The plague by Rebecca Reid

Photo by Rebecca Reid

Rebecca Reid is a member of Straw Dog, a farmer and writer living in Leverett on a cooperative farm.  She has never submitted anything for publication, except a poem when she was 8 that was rejected by The New Yorker, but the time has come.

The plague

Among the ways
to see this time, I like
the crucible best.
The plague is all there is.

I am of multiple minds. Fear
lurking in corners, but excitement
and anticipation sweeps them out.
This is real.

A sickness swirling like a weather system
on the currents of air, into our lungs, too much
to hold. This mirrors what we’ve done
to our only planet.

We and our planet
live and die together.
Such intimacy such love.

Do we look backward to retrieve our world
or do we look ahead to a new one?
Will I be here?

We have entered the space of the gods
the great unknowing, the liminal gap
the dark night, the pregnant pause.
What will be born?

Why do you distract yourself?
Why do you long to go back?
Can’t you see the soft pale light
of the new day? The tapping of the
footsteps of infinite possibility?

You tell me this is too hard.
When things change,
there is always suffering.
The ground resists the plow
does the plow resist the ground?

When this is over, we will look around
and see what’s left and what’s
here.
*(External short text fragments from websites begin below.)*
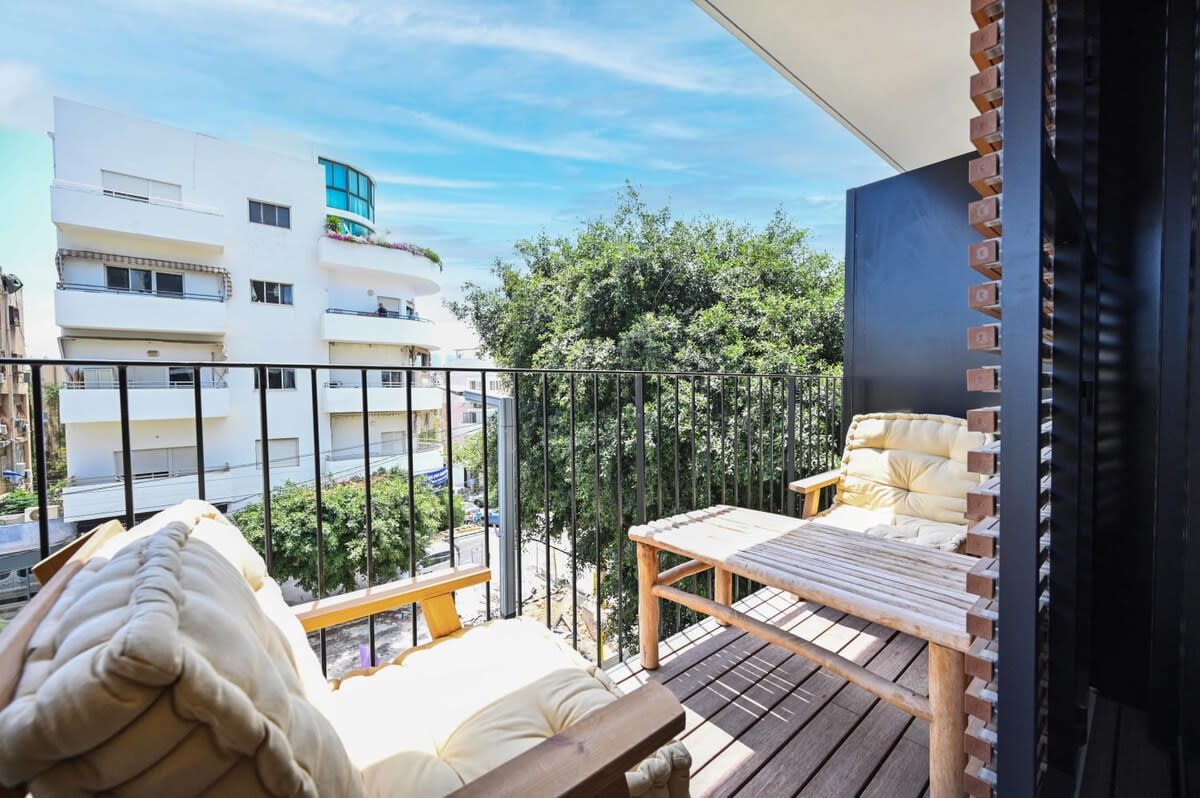Charming 2BR with Balcony in Ben Yehuda st By HolyGuest 5
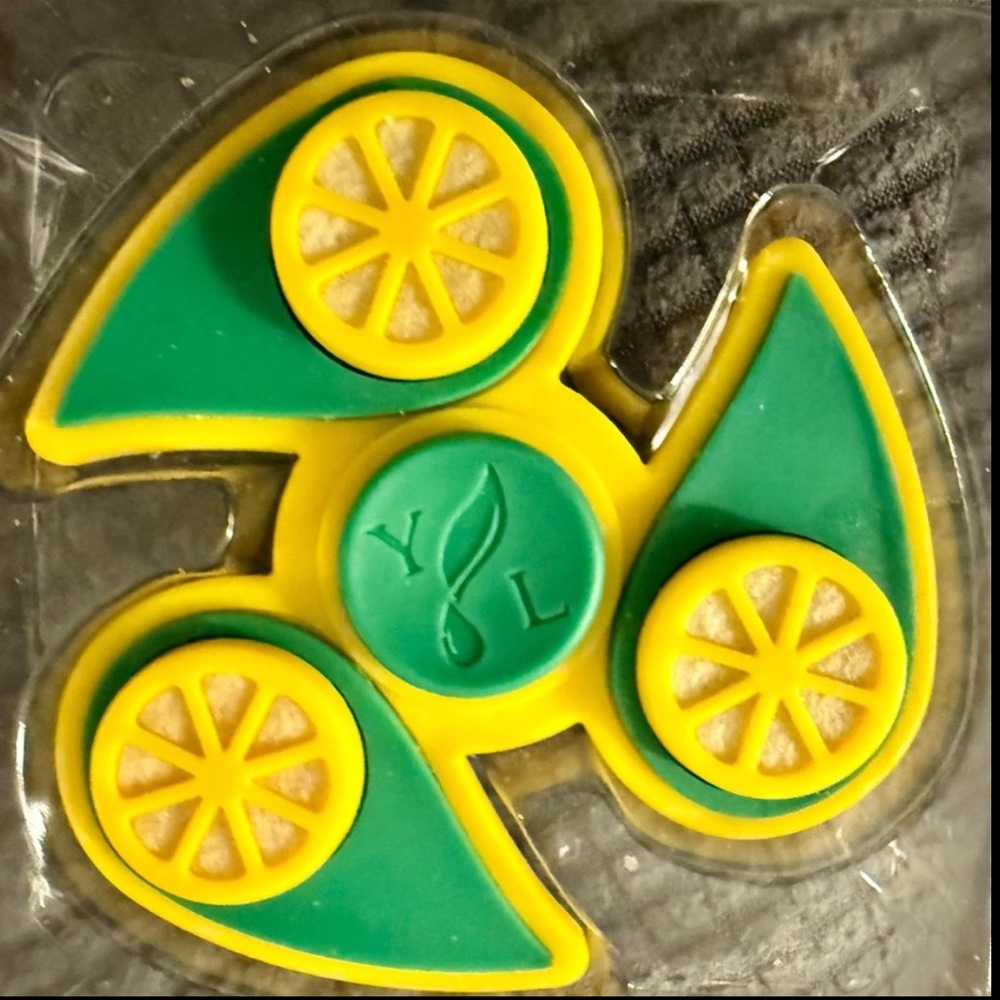 Young Living Aroma Spinner & Accessory Pack fidget spinning with essential oils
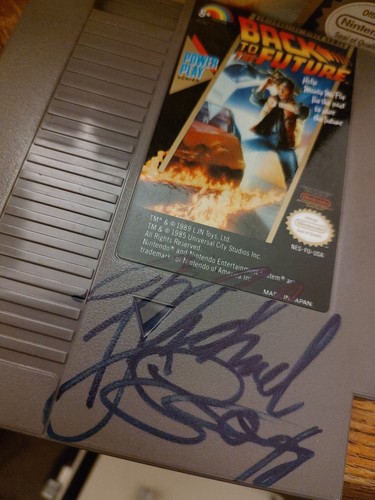 Michael J Fox Signed/Auto Back to the Future Nintendo Video Game with box - Picture 2 of 10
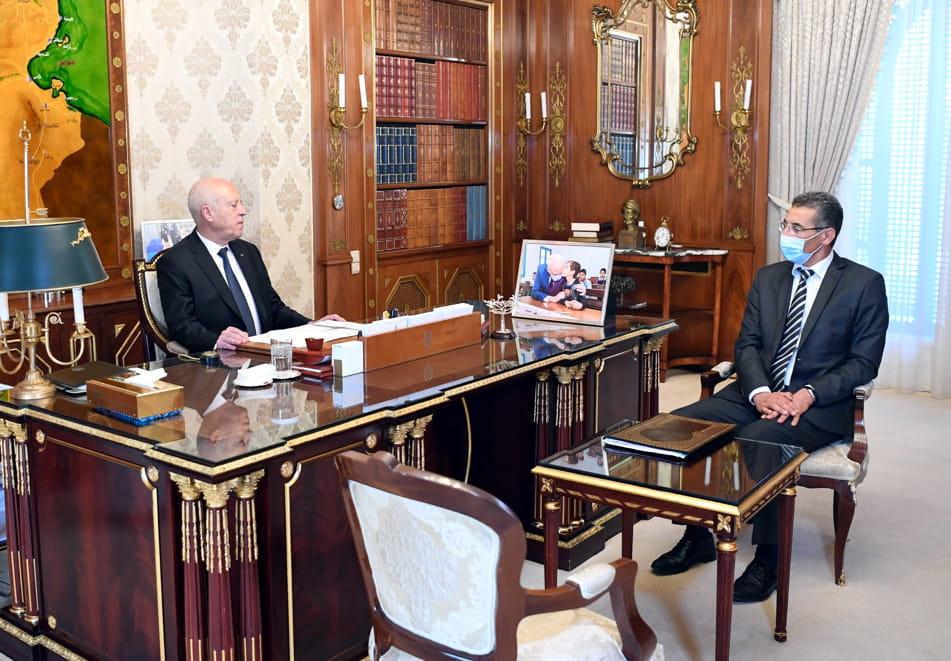 رئيس الجمهورية يستقبل توفيق شرف الدين، وزير الداخلية رئيس الجمهورية يستقبل توفيق شرف الدين، وزير الداخلية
New life rising from the dark dirt
of pain.

At the sight of so much death,
who wouldn’t pale in fear?
At the sight of so much birth
who wouldn’t whoop with joy?

We’ve tried for years to take
this disaster seriously, mistaking
invisibility for security. Now this tiny
invisible thing shouts it loud enough to hear.
Wake up!

The plague moves through us
so inclusive, so indiscriminate
we finally see that we
are all blood and lungs
painted in different colors.

Here we sit, alone, in the pause
that resets. People die. People live.
The plague watches over us, like a parent
watching a child finally walk off into the world.